• _Exercise directions_:
Set down each record that follows exactly. Drop the images.

====== The data

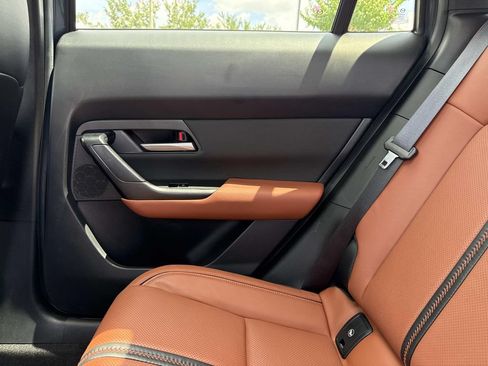 Certified 2025 MAZDA CX-50 AWD 2.5 Turbo w/ Premium Pkg image 22
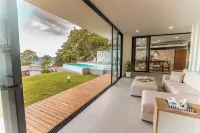 White Swan Beach House w/ Ocean Views & Private Beach Hotels in Atami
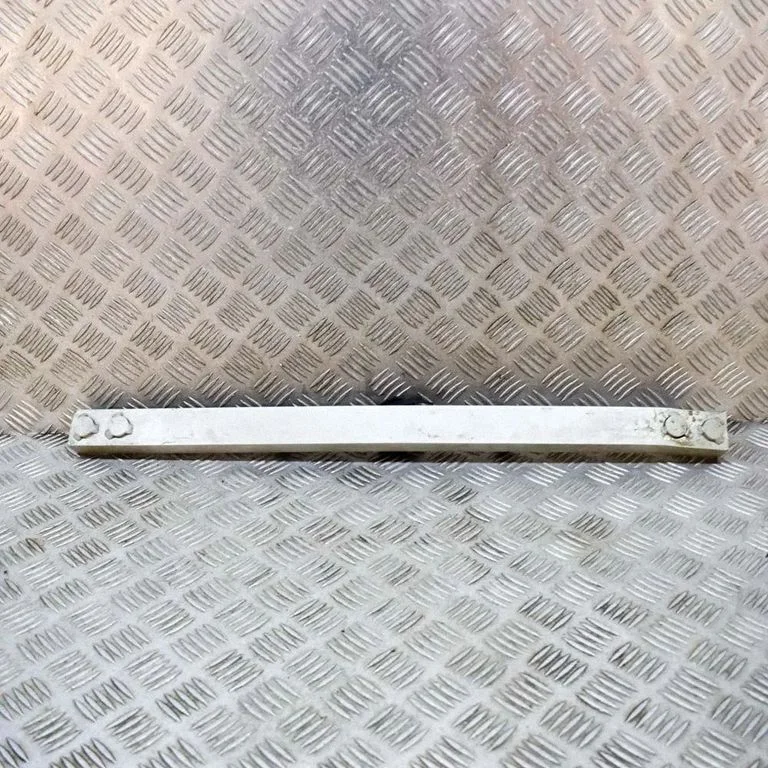 Radiatoru paneļa augšējā daļa 67275300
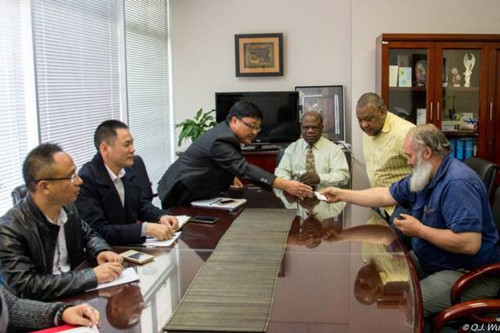 南非華人警民中心執(zhí)行長胡立屹與警民合作論壇負(fù)責(zé)人交換名片。
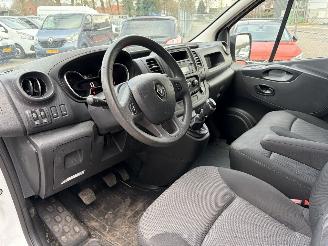 Renault Trafic 2.0 dCi 120 L1H1 Comfort AIRCO CRUISE picture 10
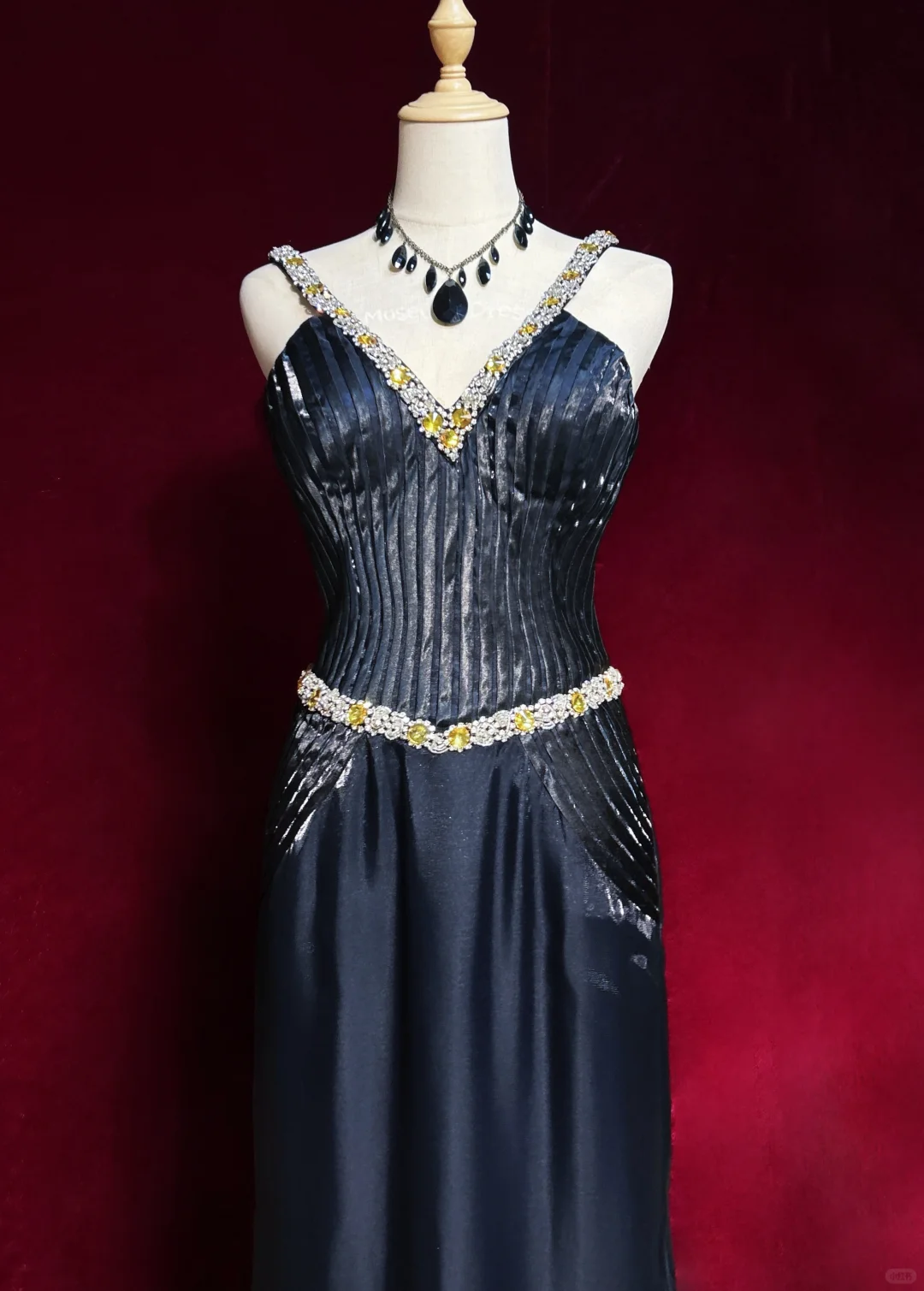 V Neck Navy Blue Long Formal Gown Spaghetti Straps Rhinestone Trim Pleated Bodice for Prom gh9541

============

• _Answer section_:
 Certified 2025 MAZDA CX-50 AWD 2.5 Turbo w/ Premium Pkg image 22
 White Swan Beach House w/ Ocean Views & Private Beach Hotels in Atami
 Radiatoru paneļa augšējā daļa 67275300
 南非華人警民中心執(zhí)行長胡立屹與警民合作論壇負(fù)責(zé)人交換名片。
 Renault Trafic 2.0 dCi 120 L1H1 Comfort AIRCO CRUISE picture 10
 V Neck Navy Blue Long Formal Gown Spaghetti Straps Rhinestone Trim Pleated Bodice for Prom gh9541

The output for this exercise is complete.